Problem details -> The answer must consist only of the lines in the records below from the line with "Photo of Caring" to the line with "1309 Velma Street, Deer", both included, copied word for word with every picture left out.
:: Task material
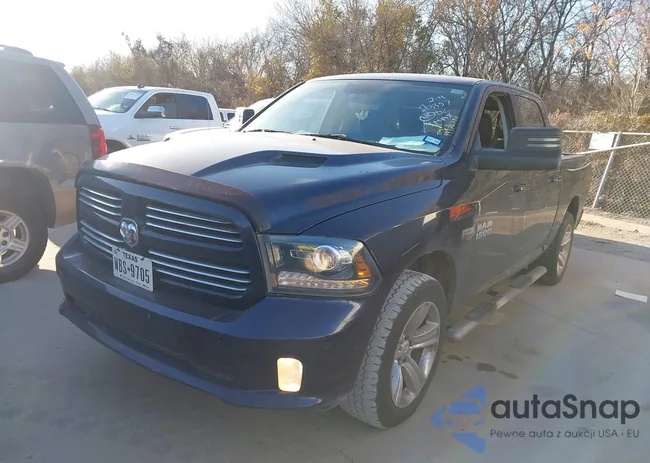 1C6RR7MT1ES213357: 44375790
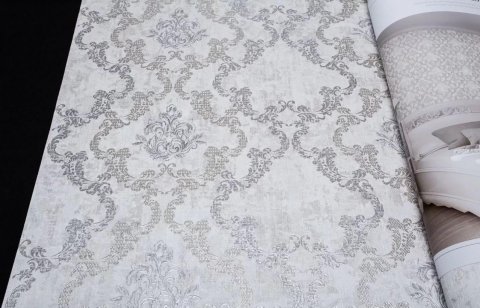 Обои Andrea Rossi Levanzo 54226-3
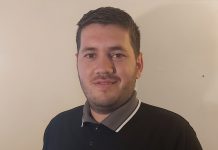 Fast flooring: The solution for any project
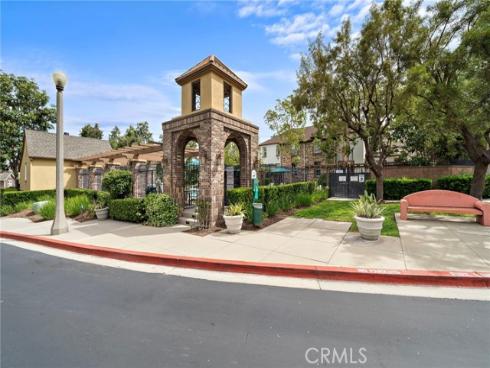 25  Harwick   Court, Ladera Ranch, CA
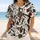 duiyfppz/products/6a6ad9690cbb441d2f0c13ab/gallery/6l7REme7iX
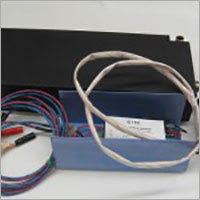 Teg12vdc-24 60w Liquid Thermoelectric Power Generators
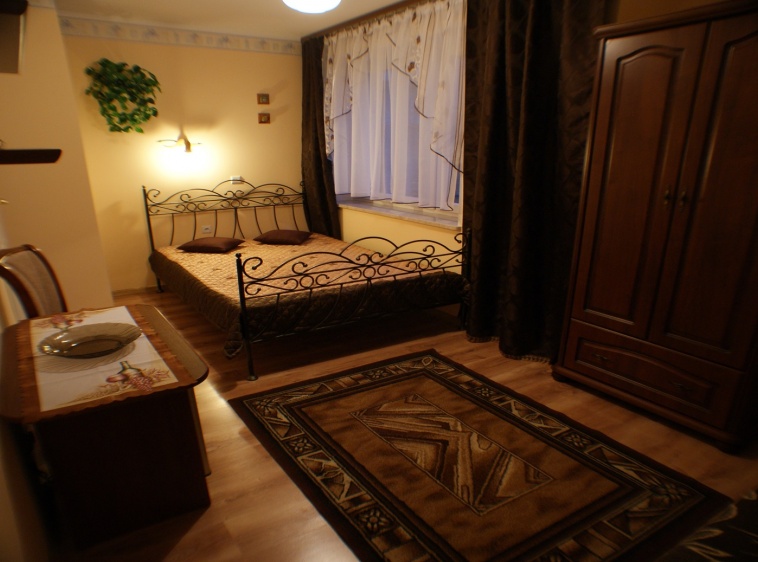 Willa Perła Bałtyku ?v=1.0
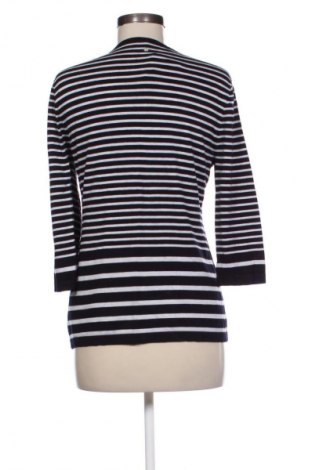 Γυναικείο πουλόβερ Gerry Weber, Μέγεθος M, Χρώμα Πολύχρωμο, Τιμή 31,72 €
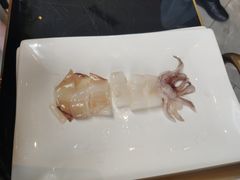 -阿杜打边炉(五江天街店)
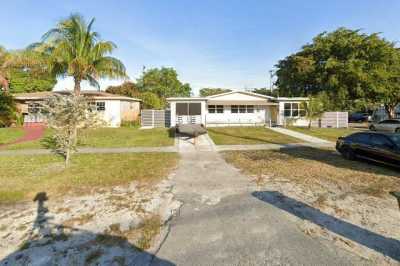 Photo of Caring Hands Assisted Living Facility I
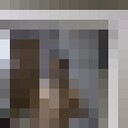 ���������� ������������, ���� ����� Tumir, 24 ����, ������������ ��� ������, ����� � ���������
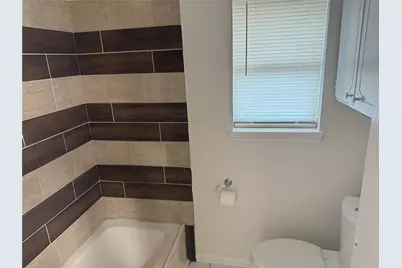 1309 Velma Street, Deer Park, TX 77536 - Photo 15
::::
:: Task material
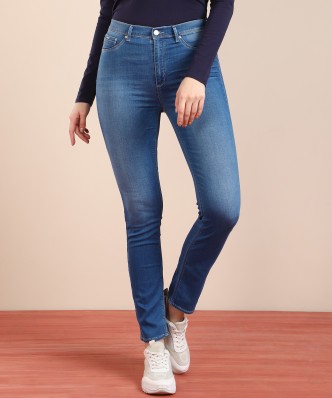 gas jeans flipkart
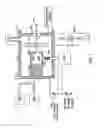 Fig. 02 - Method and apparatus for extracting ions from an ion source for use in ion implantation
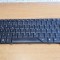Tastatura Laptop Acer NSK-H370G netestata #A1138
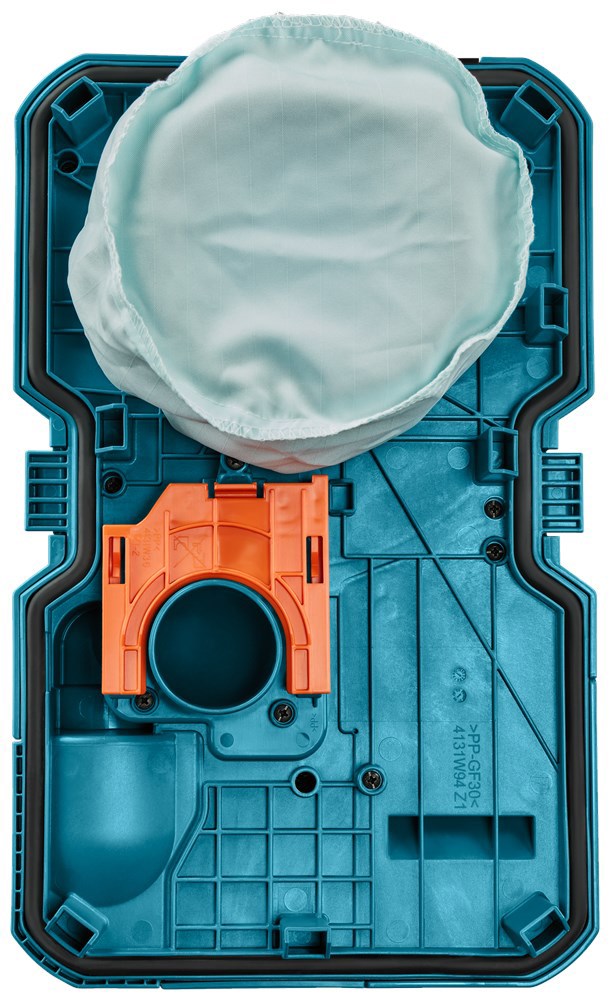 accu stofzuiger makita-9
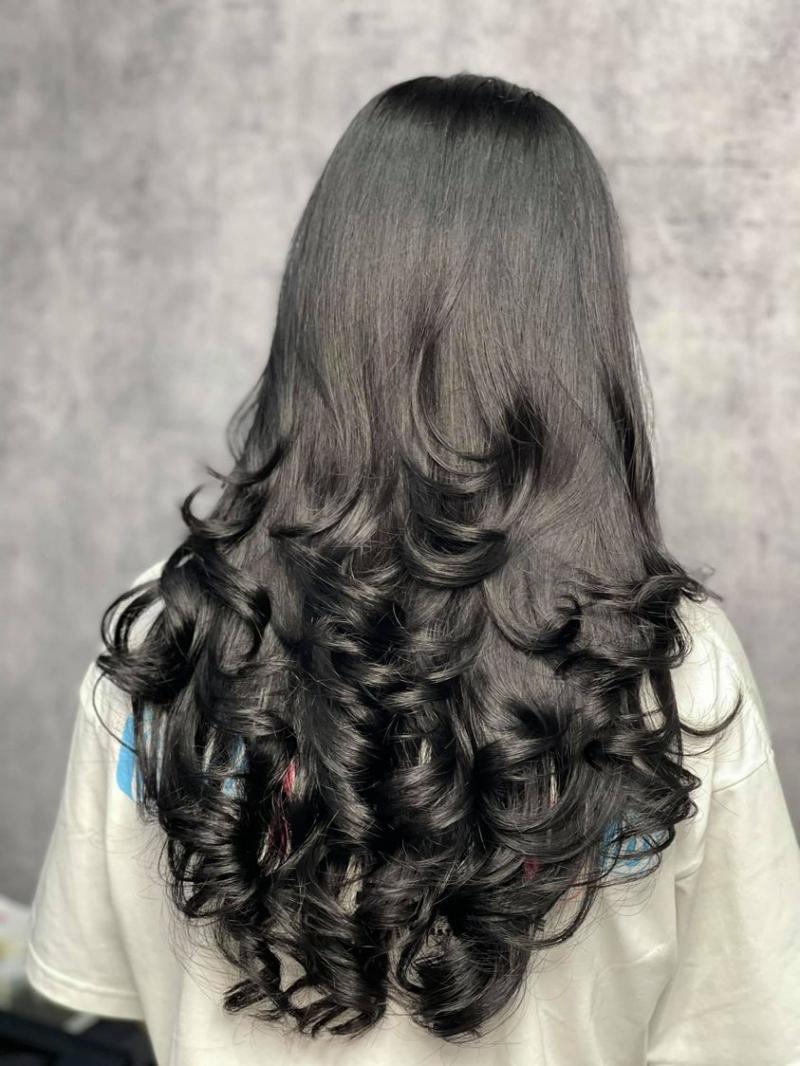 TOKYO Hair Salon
::::
:: Task material
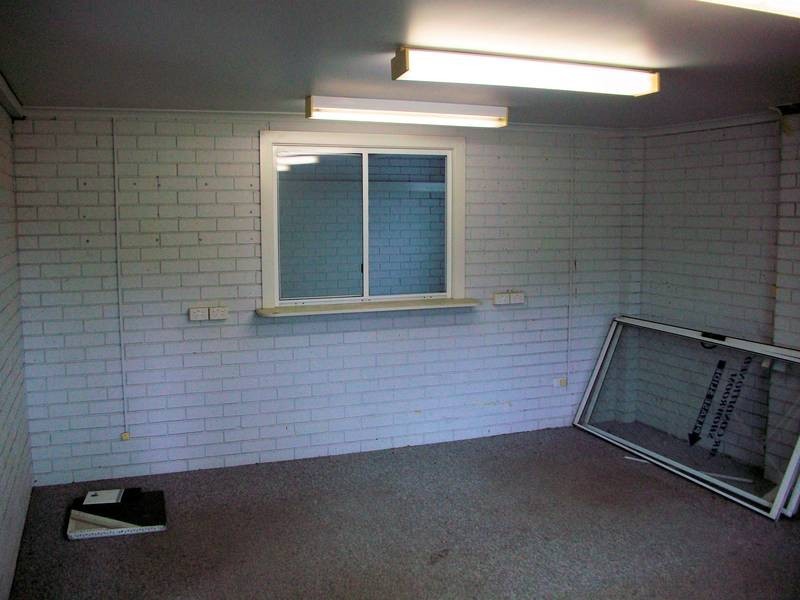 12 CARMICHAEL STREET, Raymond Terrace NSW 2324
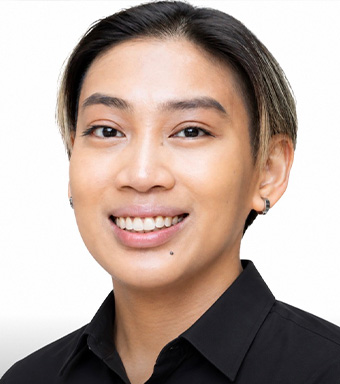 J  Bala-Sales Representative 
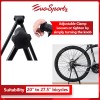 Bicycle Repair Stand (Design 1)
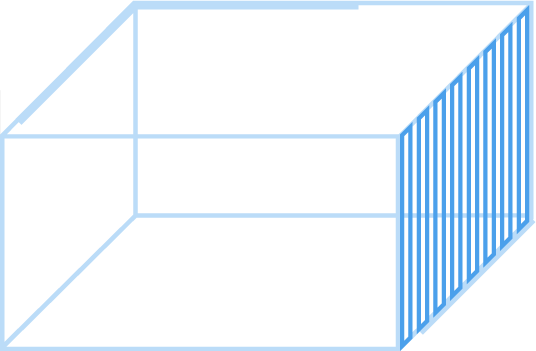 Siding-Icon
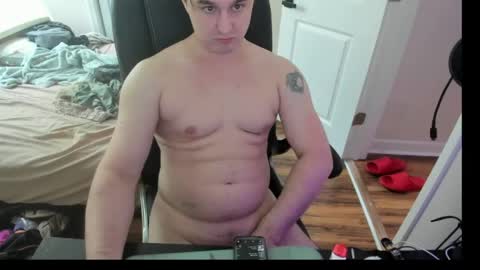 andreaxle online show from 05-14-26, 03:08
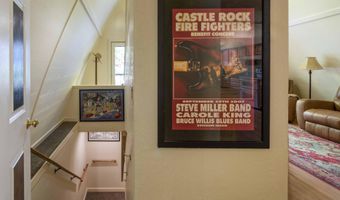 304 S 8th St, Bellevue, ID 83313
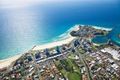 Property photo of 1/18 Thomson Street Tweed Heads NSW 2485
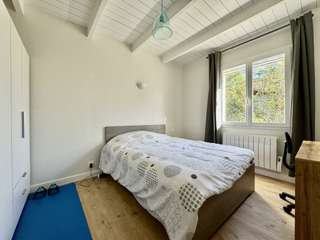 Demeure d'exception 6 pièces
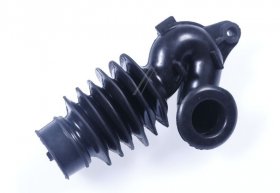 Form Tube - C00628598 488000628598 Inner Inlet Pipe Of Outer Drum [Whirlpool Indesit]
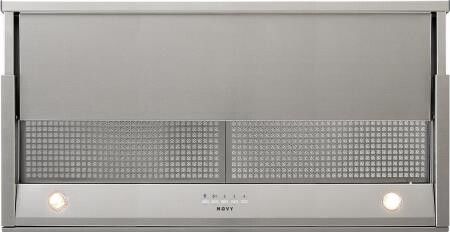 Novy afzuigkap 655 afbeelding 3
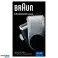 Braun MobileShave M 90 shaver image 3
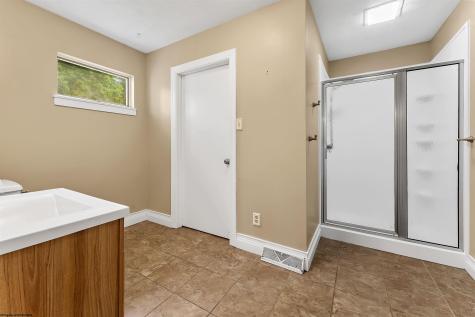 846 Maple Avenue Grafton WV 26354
::::
Result of this exercise ->
 Photo of Caring Hands Assisted Living Facility I
 ���������� ������������, ���� ����� Tumir, 24 ����, ������������ ��� ������, ����� � ���������
 1309 Velma Street, Deer Park, TX 77536 - Photo 15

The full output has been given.